---------- Material for the task

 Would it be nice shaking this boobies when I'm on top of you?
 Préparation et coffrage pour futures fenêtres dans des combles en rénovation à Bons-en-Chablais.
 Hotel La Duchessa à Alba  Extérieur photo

--------------------
---------- Material for the task

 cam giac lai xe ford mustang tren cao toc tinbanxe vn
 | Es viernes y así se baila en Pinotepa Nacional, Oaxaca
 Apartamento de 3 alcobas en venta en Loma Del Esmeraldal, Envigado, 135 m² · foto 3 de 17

--------------------

What is being asked. In the entries above, the lines between the one holding "cam giac lai" and the one holding "Apartamento de 3", inclusive, are to be printed exactly as written, and those alone.

Output of the task.
 cam giac lai xe ford mustang tren cao toc tinbanxe vn
 | Es viernes y así se baila en Pinotepa Nacional, Oaxaca
 Apartamento de 3 alcobas en venta en Loma Del Esmeraldal, Envigado, 135 m² · foto 3 de 17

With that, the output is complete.